# Can i get a lil help please.



## gtc (Nov 5, 2008)

im hoping i can get this guy off a fellow member this weekend, he said its a compressus and that he already talk to some of our fellow members about it. Just want to get a second opinion. He said that its about 4-5". Thanks


----------



## JoeDizzleMPLS (Nov 5, 2007)

looks more like s. eigenmanni to me


----------



## Ja'eh (Jan 8, 2007)

I agree with joe.


----------



## Lifer374 (Dec 5, 2003)

I'm right in line with you two


----------



## gtc (Nov 5, 2008)

Thanks you guys, how much does an eiganmanni cost at the lfs?


----------



## JoeDizzleMPLS (Nov 5, 2007)

really depends on where you're at, but i've seen them for $30-100 depending on the size, at 4-5", usually around $75... how much is the person asking for this fish?


----------



## gtc (Nov 5, 2008)

joedizzlempls said:


> really depends on where you're at, but i've seen them for $30-100 depending on the size, at 4-5", usually around $75... how much is the person asking for this fish?


He wants 40 for it but i got him to give it to me for 30 since im willing to pick it up if he still has it by the weekend which im really hoping for.


----------



## JoeDizzleMPLS (Nov 5, 2007)

yeah, i'd say that's a pretty good deal for a private sale


----------



## gtc (Nov 5, 2008)

joedizzlempls said:


> yeah, i'd say that's a pretty good deal for a private sale


is a compressus more expensive than an eiganmanni?


----------



## JoeDizzleMPLS (Nov 5, 2007)

kinda hard to answer that, most people end up with compressus by accident, they usually pay for a rhom and find out later it's a compressus... most people aren't happy with that so the compressus gets kind of a bum rap. compressus are supposedly pretty rare in both the hobby and in the wild, so you'd think the price would be a little higher, but it's all about demand. i'd probably say that they are pretty comparable price-wise, but the compressus usually goes for a bit more.


----------



## gtc (Nov 5, 2008)

joedizzlempls said:


> kinda hard to answer that, most people end up with compressus by accident, they usually pay for a rhom and find out later it's a compressus... most people aren't happy with that so the compressus gets kind of a bum rap. compressus are supposedly pretty rare in both the hobby and in the wild, so you'd think the price would be a little higher, but it's all about demand. i'd probably say that they are pretty comparable price-wise, but the compressus usually goes for a bit more.

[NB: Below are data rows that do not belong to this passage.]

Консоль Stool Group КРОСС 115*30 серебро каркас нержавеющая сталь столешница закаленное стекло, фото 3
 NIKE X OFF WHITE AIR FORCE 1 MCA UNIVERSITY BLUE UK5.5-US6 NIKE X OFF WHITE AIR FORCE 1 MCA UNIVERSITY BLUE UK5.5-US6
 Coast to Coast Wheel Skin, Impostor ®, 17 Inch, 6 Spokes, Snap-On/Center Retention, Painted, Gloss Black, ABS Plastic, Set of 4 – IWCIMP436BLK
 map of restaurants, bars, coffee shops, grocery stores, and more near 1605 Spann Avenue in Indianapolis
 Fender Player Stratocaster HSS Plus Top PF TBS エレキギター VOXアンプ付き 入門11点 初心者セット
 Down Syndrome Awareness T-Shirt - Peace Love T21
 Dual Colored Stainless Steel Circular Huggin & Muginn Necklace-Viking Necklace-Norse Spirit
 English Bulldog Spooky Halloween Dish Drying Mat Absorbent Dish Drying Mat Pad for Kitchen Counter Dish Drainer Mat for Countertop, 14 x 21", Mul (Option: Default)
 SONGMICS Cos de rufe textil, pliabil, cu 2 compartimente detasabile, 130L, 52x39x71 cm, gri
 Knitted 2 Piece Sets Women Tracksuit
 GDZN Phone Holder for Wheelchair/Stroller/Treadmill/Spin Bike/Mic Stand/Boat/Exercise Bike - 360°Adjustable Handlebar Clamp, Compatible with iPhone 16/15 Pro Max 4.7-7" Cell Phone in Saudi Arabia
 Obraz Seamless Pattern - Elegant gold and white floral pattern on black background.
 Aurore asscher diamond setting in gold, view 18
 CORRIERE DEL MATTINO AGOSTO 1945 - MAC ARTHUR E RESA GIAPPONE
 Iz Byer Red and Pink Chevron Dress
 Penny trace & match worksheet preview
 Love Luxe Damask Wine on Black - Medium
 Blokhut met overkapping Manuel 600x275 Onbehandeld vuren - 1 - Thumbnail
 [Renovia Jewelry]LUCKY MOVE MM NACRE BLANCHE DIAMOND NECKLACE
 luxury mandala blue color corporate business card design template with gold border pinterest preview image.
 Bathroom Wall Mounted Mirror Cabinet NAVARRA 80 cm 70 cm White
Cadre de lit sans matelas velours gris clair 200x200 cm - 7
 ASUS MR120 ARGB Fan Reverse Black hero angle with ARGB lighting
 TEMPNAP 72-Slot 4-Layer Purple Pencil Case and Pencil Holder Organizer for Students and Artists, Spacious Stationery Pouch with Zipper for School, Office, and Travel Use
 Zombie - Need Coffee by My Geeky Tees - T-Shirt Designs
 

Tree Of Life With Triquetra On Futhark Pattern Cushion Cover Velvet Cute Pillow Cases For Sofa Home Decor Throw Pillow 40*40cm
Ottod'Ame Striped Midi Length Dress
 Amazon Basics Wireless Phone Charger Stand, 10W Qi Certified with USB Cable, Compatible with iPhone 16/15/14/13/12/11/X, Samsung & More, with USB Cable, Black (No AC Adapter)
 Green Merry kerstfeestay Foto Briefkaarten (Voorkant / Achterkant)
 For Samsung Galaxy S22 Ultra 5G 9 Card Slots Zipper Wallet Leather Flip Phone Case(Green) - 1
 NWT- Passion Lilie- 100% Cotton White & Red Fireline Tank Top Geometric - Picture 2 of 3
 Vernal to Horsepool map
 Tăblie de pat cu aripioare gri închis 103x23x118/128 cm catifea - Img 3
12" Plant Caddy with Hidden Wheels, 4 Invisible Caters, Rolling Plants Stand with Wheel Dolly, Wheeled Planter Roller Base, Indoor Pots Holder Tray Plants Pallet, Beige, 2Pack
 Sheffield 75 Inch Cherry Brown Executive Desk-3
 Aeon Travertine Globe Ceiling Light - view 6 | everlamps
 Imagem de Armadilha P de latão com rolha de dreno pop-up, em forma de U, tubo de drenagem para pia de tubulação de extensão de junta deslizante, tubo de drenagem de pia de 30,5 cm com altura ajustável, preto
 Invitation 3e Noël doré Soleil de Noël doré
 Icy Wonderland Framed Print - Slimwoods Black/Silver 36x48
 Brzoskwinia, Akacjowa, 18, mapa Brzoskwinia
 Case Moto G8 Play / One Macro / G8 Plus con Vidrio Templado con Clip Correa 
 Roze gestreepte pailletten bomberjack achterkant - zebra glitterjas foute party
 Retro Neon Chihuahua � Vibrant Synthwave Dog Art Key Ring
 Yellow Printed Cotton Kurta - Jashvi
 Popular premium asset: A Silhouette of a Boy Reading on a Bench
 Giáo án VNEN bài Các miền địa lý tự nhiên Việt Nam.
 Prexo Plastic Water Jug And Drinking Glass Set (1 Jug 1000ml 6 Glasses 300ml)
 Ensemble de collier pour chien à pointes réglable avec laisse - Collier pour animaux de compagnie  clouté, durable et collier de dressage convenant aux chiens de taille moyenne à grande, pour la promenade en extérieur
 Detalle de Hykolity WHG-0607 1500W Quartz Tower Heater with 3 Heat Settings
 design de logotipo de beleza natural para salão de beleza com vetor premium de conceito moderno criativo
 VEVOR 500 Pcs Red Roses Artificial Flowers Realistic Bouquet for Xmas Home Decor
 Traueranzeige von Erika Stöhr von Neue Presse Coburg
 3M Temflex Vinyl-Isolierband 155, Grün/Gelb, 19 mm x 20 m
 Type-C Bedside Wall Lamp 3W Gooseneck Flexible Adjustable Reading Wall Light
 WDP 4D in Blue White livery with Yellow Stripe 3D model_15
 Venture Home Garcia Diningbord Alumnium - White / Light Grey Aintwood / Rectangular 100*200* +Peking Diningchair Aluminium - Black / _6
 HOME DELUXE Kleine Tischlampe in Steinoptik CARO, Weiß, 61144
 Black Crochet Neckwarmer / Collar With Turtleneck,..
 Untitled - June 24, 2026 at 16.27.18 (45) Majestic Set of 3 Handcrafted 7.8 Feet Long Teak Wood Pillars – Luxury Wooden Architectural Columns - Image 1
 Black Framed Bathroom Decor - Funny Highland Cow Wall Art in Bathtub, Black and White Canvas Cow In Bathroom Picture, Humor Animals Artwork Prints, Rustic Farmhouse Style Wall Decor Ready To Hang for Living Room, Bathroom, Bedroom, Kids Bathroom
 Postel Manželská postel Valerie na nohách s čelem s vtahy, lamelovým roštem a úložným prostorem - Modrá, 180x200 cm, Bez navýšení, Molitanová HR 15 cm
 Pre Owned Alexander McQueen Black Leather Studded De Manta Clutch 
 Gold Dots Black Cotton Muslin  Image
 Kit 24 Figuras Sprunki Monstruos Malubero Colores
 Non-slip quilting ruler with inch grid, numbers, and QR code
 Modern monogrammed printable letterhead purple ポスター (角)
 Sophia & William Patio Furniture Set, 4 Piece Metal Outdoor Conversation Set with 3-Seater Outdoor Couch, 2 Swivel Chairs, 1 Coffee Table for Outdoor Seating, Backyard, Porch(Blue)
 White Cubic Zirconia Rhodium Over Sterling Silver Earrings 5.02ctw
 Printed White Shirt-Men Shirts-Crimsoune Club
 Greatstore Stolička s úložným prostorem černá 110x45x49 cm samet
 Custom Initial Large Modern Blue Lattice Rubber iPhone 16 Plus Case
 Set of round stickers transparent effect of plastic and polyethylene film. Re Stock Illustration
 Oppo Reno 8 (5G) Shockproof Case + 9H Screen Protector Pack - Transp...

I was checking some vids of eiganmannies and compressus and what i noticed is that most eiganmannies r finger chasers rather than the compressus. Are eiganmannies more aggresive than compressus? Thank you by the way for all your info


----------



## JoeDizzleMPLS (Nov 5, 2007)

totally up to the individual fish... my compressus now is very interactive, comes up to the front of the tank whenever i walk into the room and starts going to the surface when he's hungry, he'll attack the glass when i walk up with food... my last eigenmanni was a neat little fish, not quite as aggressive, but very interactive, i regretted selling that fish about 15 minutes after the buyer left my house...


----------



## gtc (Nov 5, 2008)

joedizzlempls said:


> totally up to the individual fish... my compressus now is very interactive, comes up to the front of the tank whenever i walk into the room and starts going to the surface when he's hungry, he'll attack the glass when i walk up with food... my last eigenmanni was a neat little fish, not quite as aggressive, but very interactive, i regretted selling that fish about 15 minutes after the buyer left my house...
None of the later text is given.